Turning then to the significance of the Royal Clan meetings currently being held in Onitsha, Aniweta writes:
“But Chief Mbamali is not yet satisfied. He is the Chairman of the so called Umu-EzeChima Association and has even arrogated to himself the title of ‘political head of Umu-EzeChima’…. I have been attending the meetings as an observer.
Umu-EzeAroli an influential section of Umu-EzeChima is not being represented in the meeting since the Onya of Onitsha, Chief Muonweokwu Egbunike and Chief Chude, Adazie Ogulani (who is Aroli himself) have not (been in attendance).”
Chude the Adazie being the Senior Lineage Priest (Diokpala)of Umu-EzeAroli (and therefore “Aroli himself”), and the Onya the Senior Chief of that group, their absence does of course raise questions concerning the legitimacy of Umu-EzeAroli representation in the meetings of the Royal Clan. (Since both are committed supporters of Enwezor they appear to have no intention of attending these meetings, where their seniority would most likely be overridden by others, and they would thus become subject themselves to decisions arrived at there.)
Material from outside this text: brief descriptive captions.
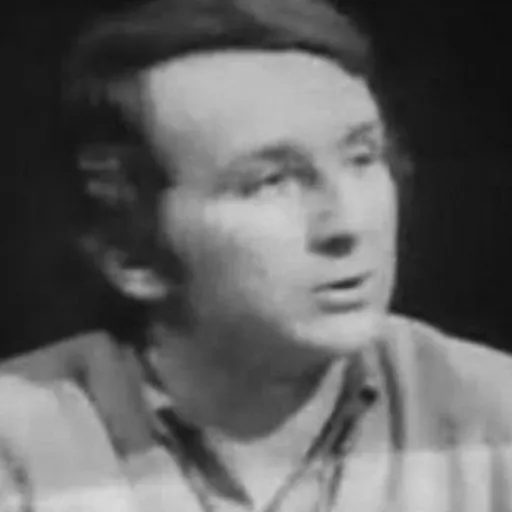 Portrait of Alejandro Rojas Wainer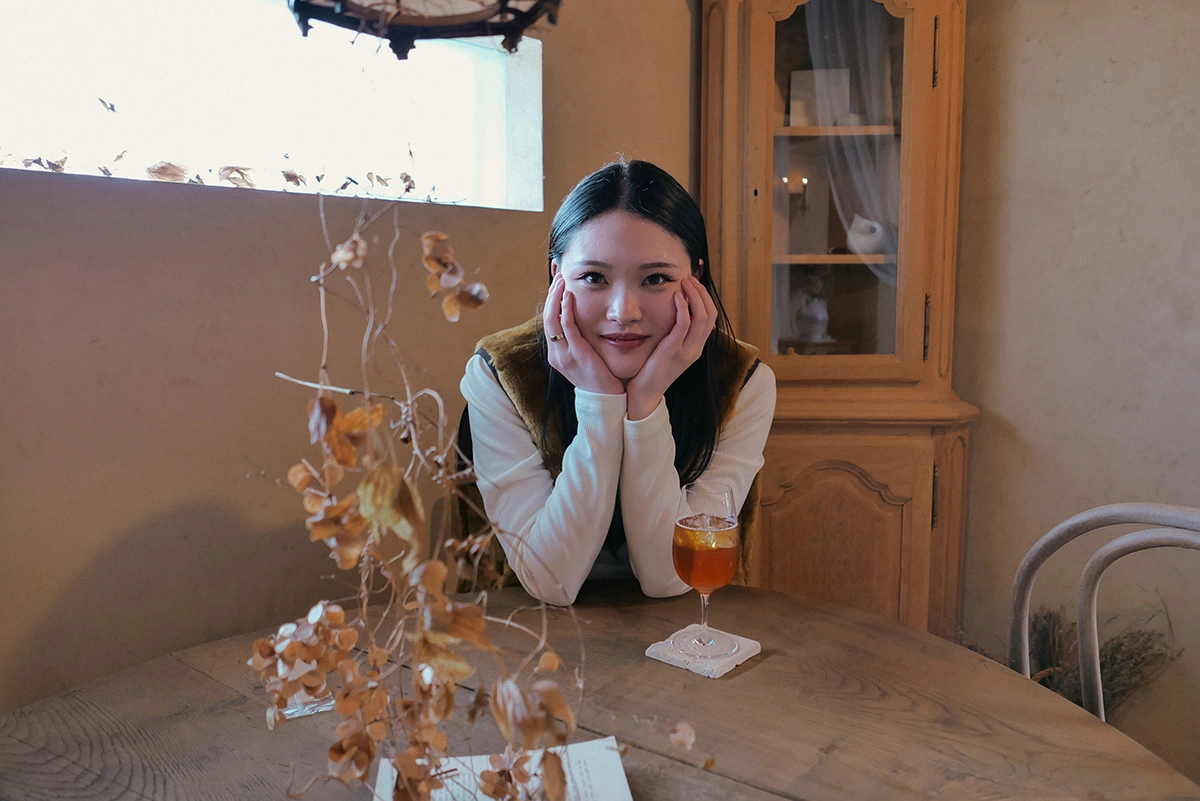 f1.7, 1/60, ISO200, 24mm/ライカD-LUX8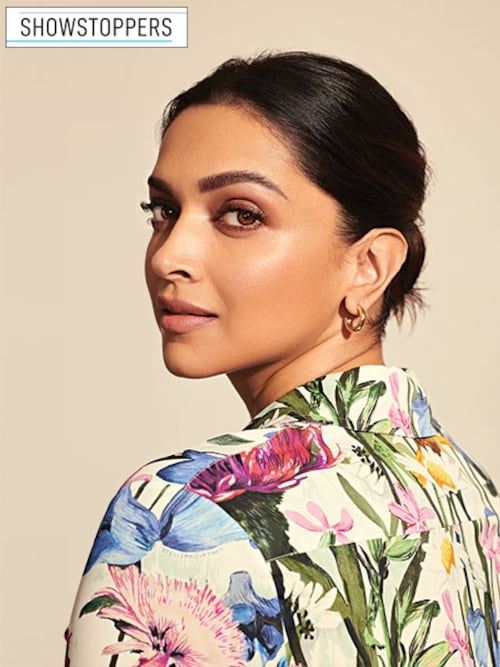 Deepika Padukone, Actor, producer, entrepreneur, investor and philanthropist
Image: Vaishnav Praveen / The House Of Pixels
Make Up: Anil Chinnappa Hair: Gabriel Georgiou Styling: Shaleena Nathani Deepika Padukone, Actor, producer, entrepreneur, investor and philanthropist
Image: Vaishnav Praveen / The House Of Pixels
Make Up: Anil Chinnappa Hair: Gabriel Georgiou Styling: Shaleena Nathani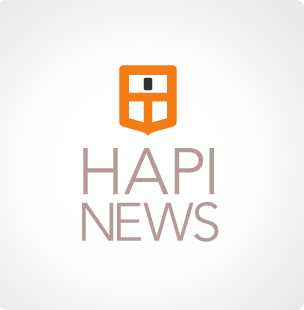 HAPI News!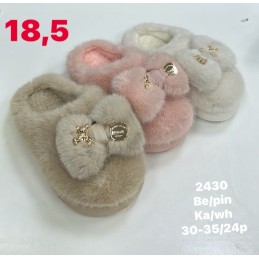 Buty Kapcie...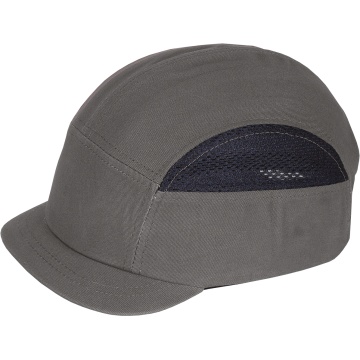 Sapca de protectie cu cozoroc BumpCap Mesh - Img 3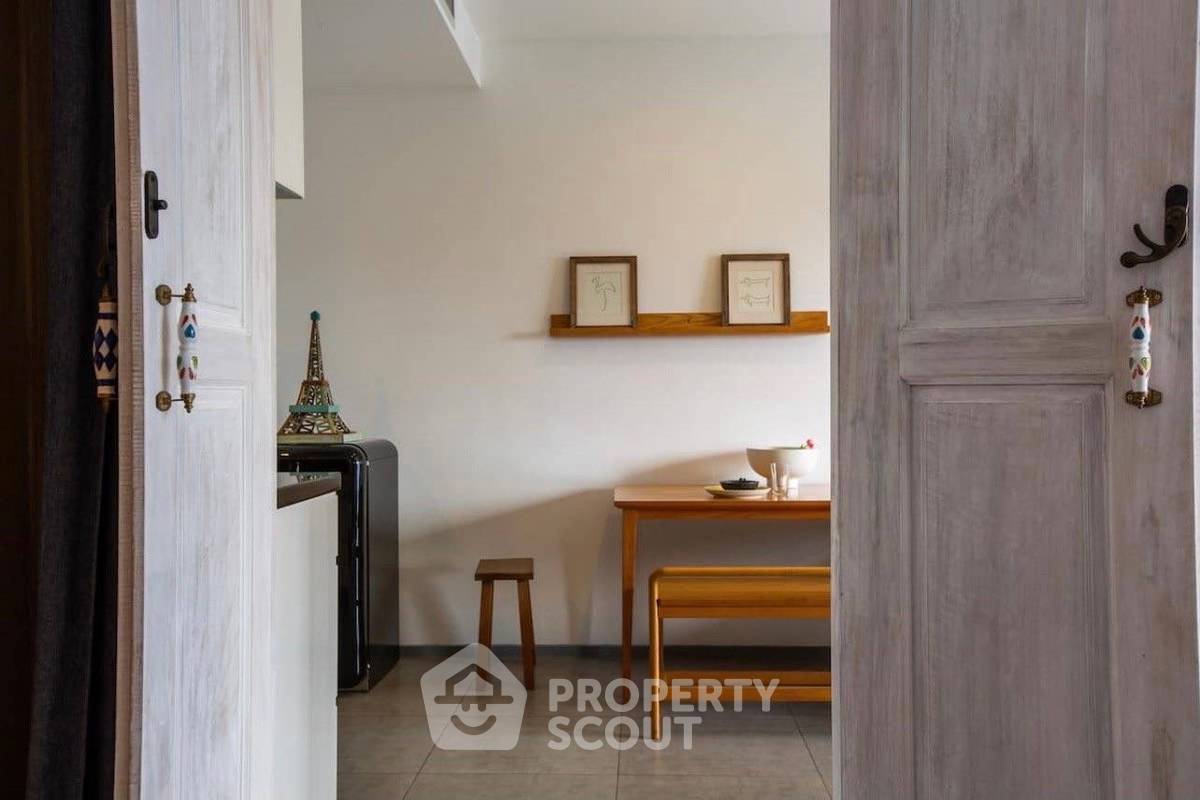 picture 1-BR Condo at Noble Refine Prompong near BTS Phrom Phong (ID 1982073) - 11/16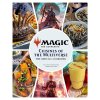 magic the gathering the official cookbook cuisines of the multiverse 9781803367194 1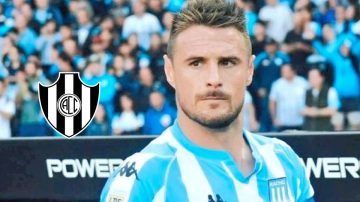 Bombazo de Central Córdoba: suma a Iván Pillud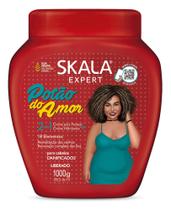 Creme de Tratamento Skala 1kg Potão do Amor - C0714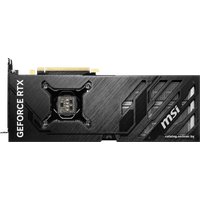 Видеокарта MSI GeForce RTX 4070 Ventus 3X 12G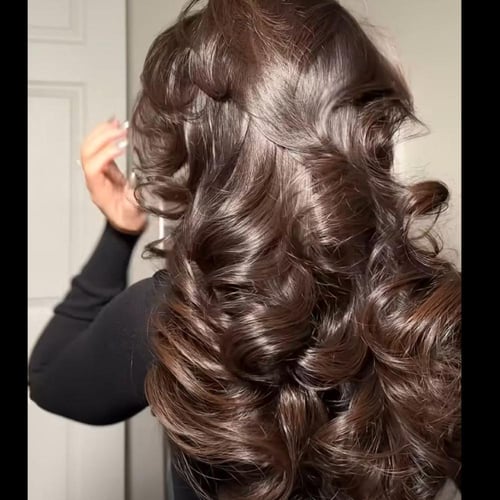 صبغه نباتيه دائمه اشقر استوائي غامق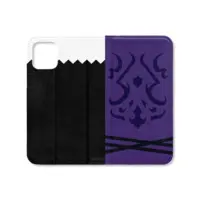 Suzuki Masaru - Smartphone Cover - Nijisanji Size-iPhone 11 Pro 
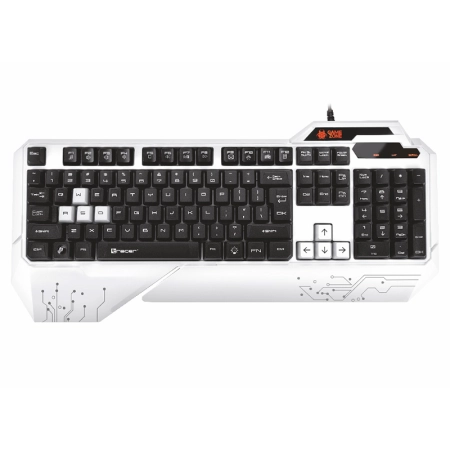 Klawiatura TRACER GAMEZONE Batarang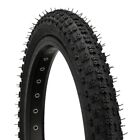 Sunlite MX3 Tire K50 Tire 20x1.75 Black Steel Bead BMX / Mountain Kids 20 Bike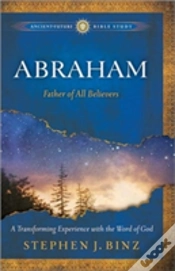 Capa do artigo Abraham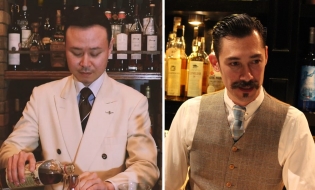 Show us your House of Negroni　①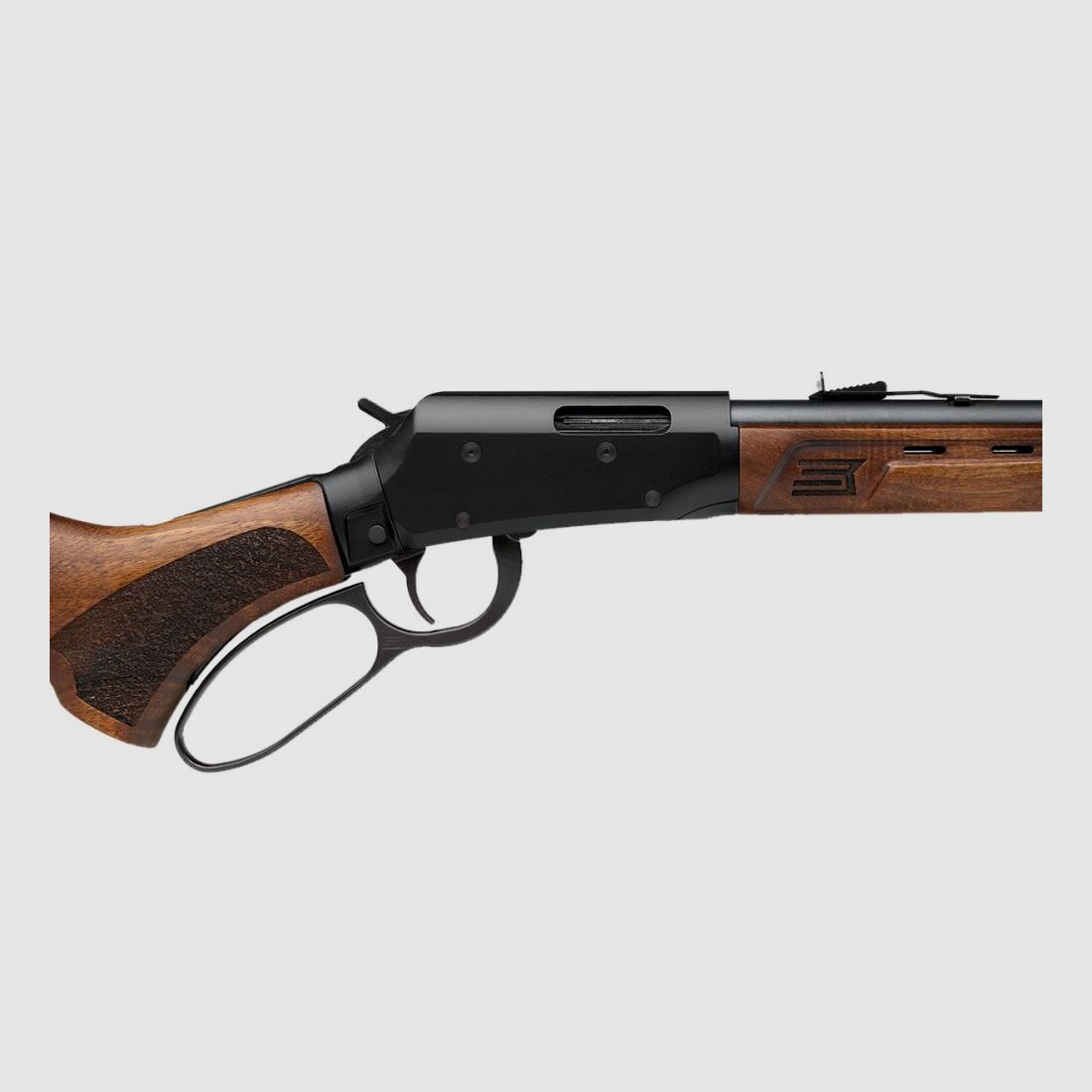 Savage Revel DLX SR 18"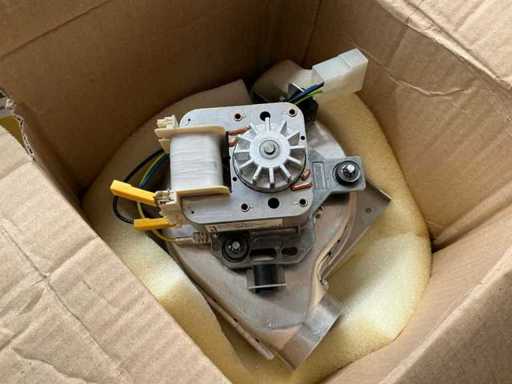 Intergas fan H-VRT/W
Citing Orakwue’s statement that the “Whole People” of Onitsha traditionally select the King, Aniweta employs this point to undermine what he calls the “locus standi” of the “so called Umu-EzeChima Association,” maintaining that
“The selection of a king is the affair of the whole town. It is futile for any section of Onitsha to arrogate to itself the exclusive right of selecting the Obi of Onitsha.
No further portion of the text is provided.